Hollywood star Brooke Shields landed her first lead role at age 11.
Shields was adored by young men across the country throughout the 1980s.
But Brooke Shields just revealed one truth about her life that most women refuse to accept.
11-year-old Brooke Shields began her acting career in 1978 with the leading role in the film Pretty Baby.
Shields played a little girl named Violet who lived at a brothel where her mother, played by Susan Sarandon, worked.
Her career blossomed throughout the 1980s as both an actor and one of America’s most sought-after supermodels.
By the time she turned 16, Shields had one of the most recognizable faces in the entire United States.

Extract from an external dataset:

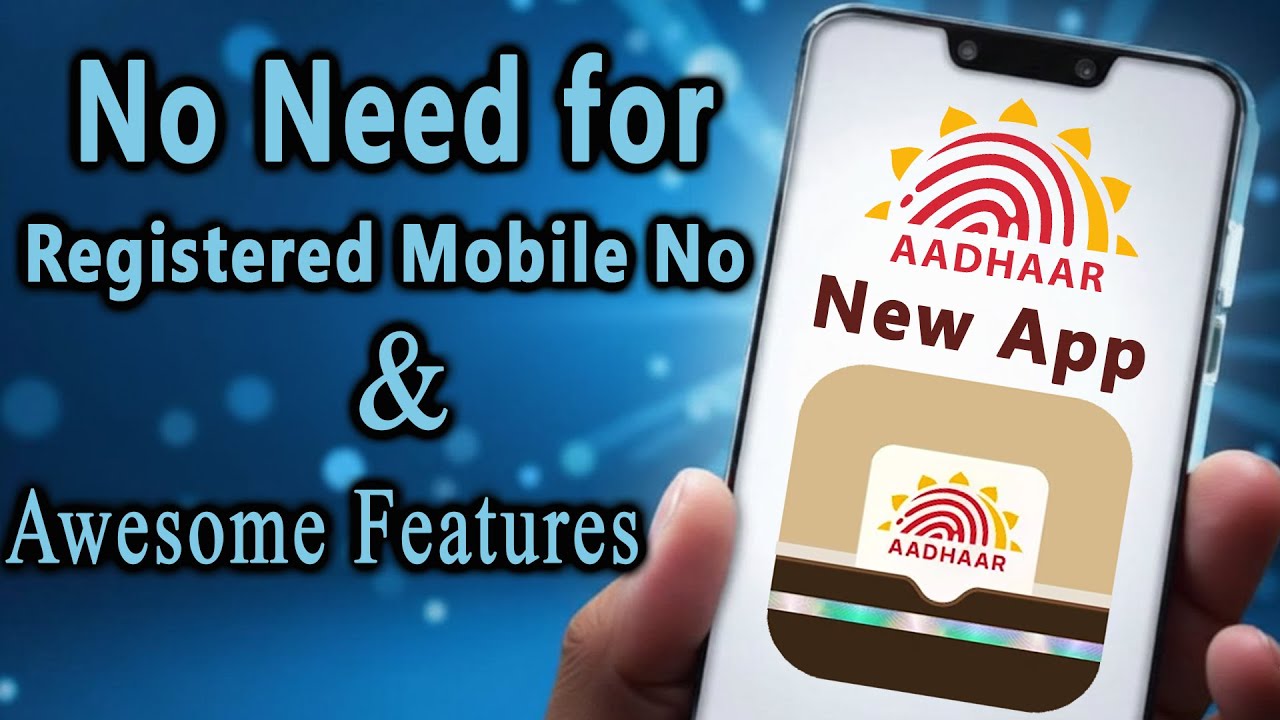 👉 Новое приложение Aadhaar | Добавьте 5 профилей, отсканируйте QR-код и поделитесь Aadhaar | Обно...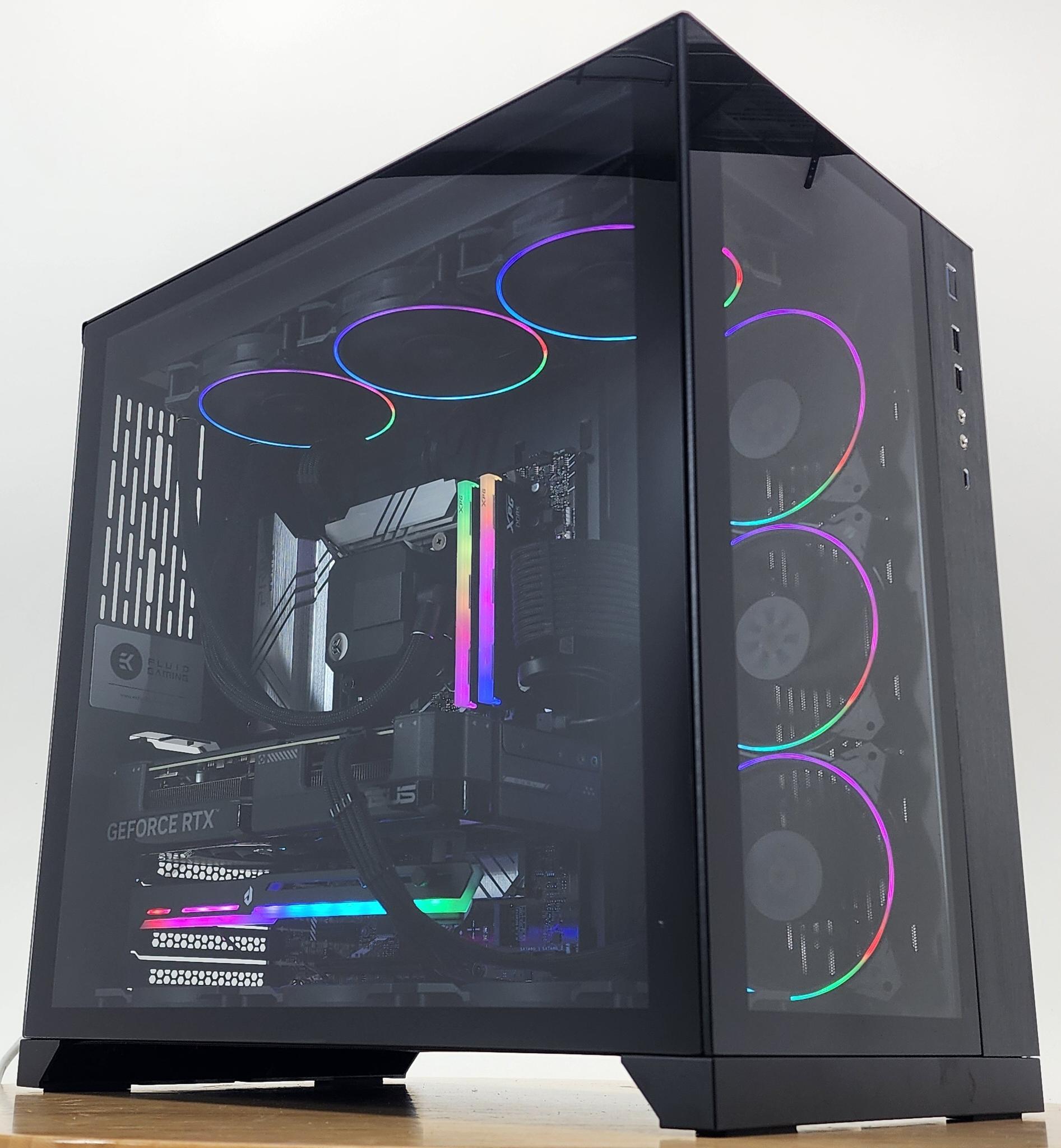 Gaming PC i7-13700K 32GB RAM 1TB SSD RTX 4070 12GB Windows 11 Computer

According to TIME Magazine, her day rate as a model was $10,000, which is the equivalent of $32,189 in 2022 dollars.
Shields continues her acting career today at age 58.
In 2017, she played a recurring role in NBC’s Law & Order: Special Victims Unit.
Last year, director Lana Wilson, who directed Taylor Swift’s documentary, produced a documentary about Shields called, Pretty Baby: Brooke Shields.
During a recent interview with AARP Magazine, Shields opened up about the difficulties of growing up as a beautiful female actor.
“Beauty, now, to me, means freedom,” she said. “Beauty isn’t as precious, in the same way, that it was when I was a kid.”
“When I was younger, it was a burden and a responsibility,” she continued. “Everything was precious.”
Shields admitted to being impacted by watching her own documentary.
“The Pretty Baby documentary definitely empowered me,” Shields said. “I had never seen my life in its entirety. It made me feel very proud of my resilience and that little girl. I would be shocked as a kid to know that there would come a time that I would feel like I was enough. I would be shocked if I knew that I would one day really be confident and like myself.”
She said the hardest part was everyone expecting her to stay young and beautiful forever.
“You can’t grow up, you cannot age,” she said. “It’s disappointing to them that I don’t have the same face I had when I was 16.”
Shields called trying to stay beautiful an exhaustive task.
“The pressure of being skinny is just so exhausting,” she said. “I like food, and I like tequila!”
Ultimately, she had to learn to accept one truth that many women have a hard time with.
“At a certain age, you have to choose between your face and your a**,” she said.